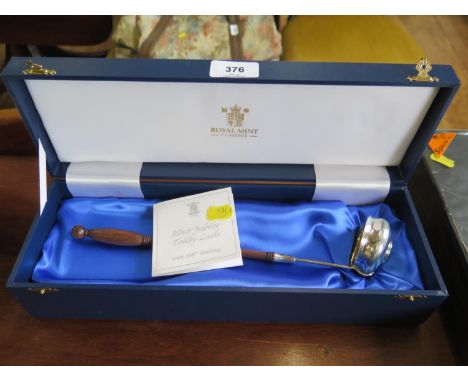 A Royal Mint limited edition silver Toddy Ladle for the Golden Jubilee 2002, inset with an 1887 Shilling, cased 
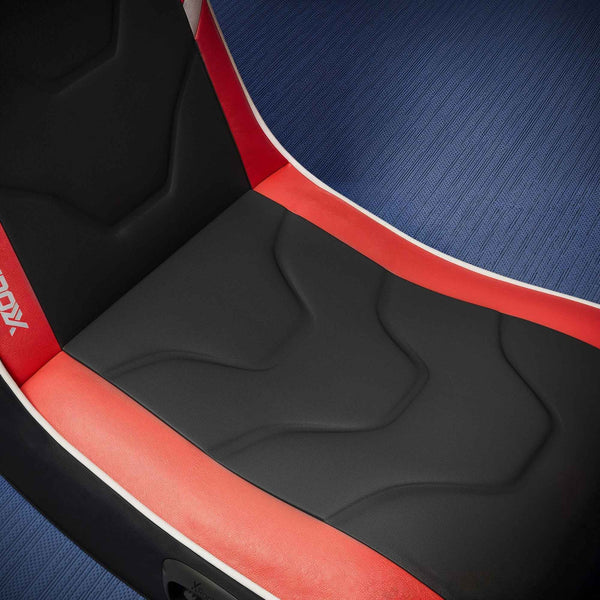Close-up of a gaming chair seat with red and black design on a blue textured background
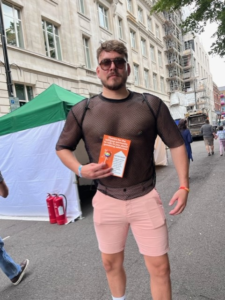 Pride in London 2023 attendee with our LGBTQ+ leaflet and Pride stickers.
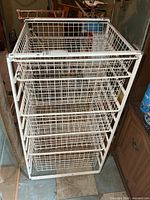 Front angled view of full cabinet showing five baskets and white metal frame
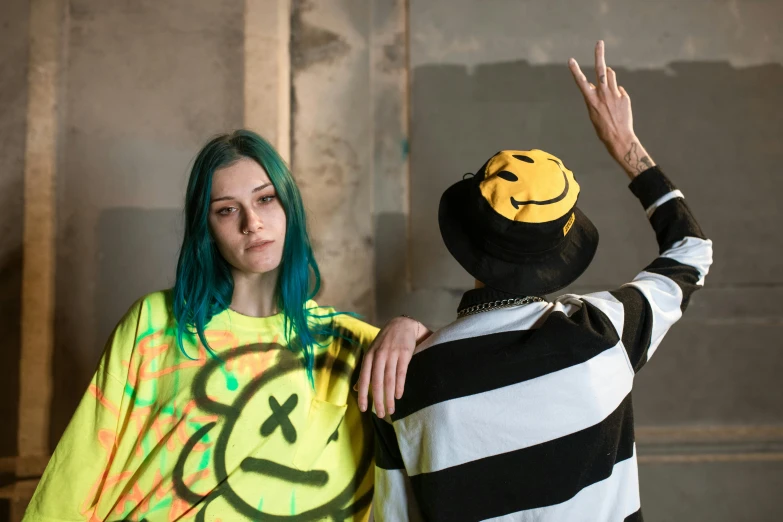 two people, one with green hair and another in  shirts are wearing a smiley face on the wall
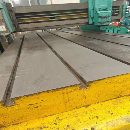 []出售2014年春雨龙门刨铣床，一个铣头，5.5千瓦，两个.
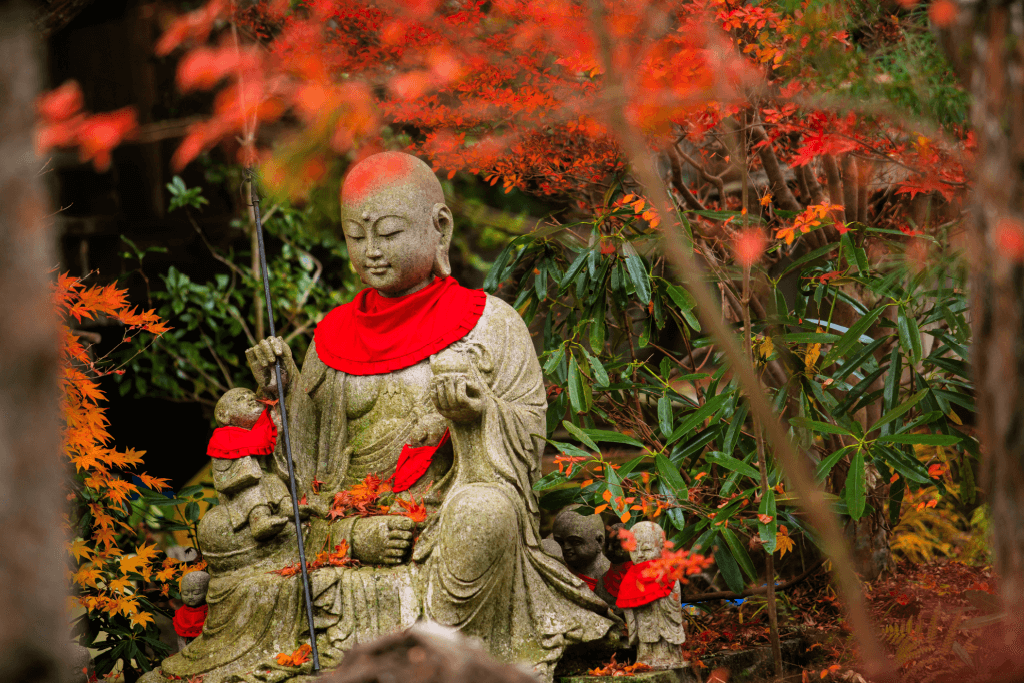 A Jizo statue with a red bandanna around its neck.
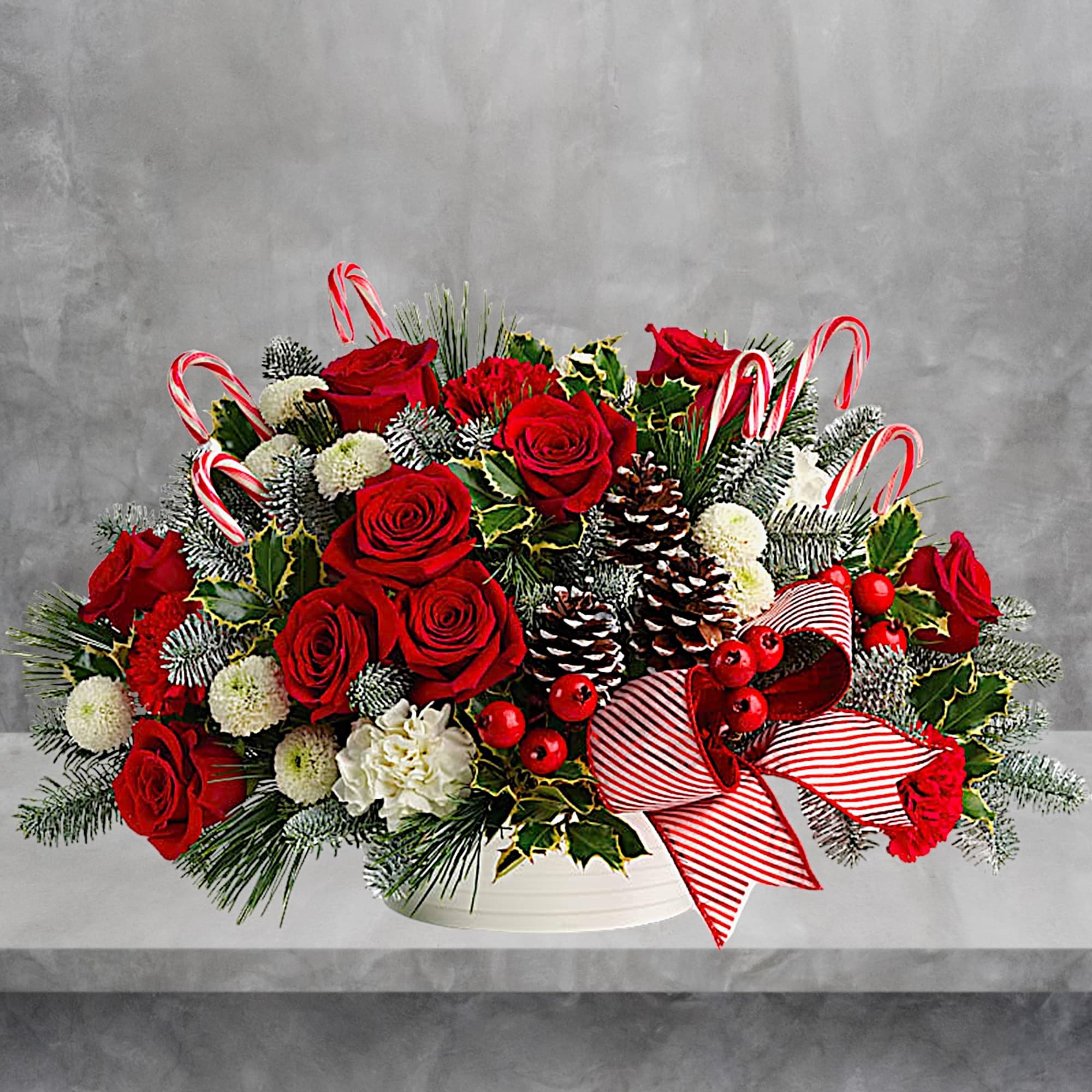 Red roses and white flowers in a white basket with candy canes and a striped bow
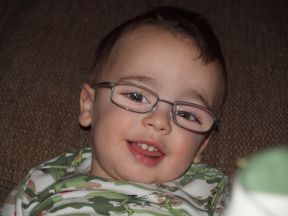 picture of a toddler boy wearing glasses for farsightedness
====================
* _Task brief_:
Repeat the data exactly, without the pictures.

* _Completed exercise_:
 A Royal Mint limited edition silver Toddy Ladle for the Golden Jubilee 2002, inset with an 1887 Shilling, cased 
Close-up of a gaming chair seat with red and black design on a blue textured background
 Pride in London 2023 attendee with our LGBTQ+ leaflet and Pride stickers.
 Front angled view of full cabinet showing five baskets and white metal frame
 two people, one with green hair and another in  shirts are wearing a smiley face on the wall
 []出售2014年春雨龙门刨铣床，一个铣头，5.5千瓦，两个.
 A Jizo statue with a red bandanna around its neck.
 Red roses and white flowers in a white basket with candy canes and a striped bow
 picture of a toddler boy wearing glasses for farsightedness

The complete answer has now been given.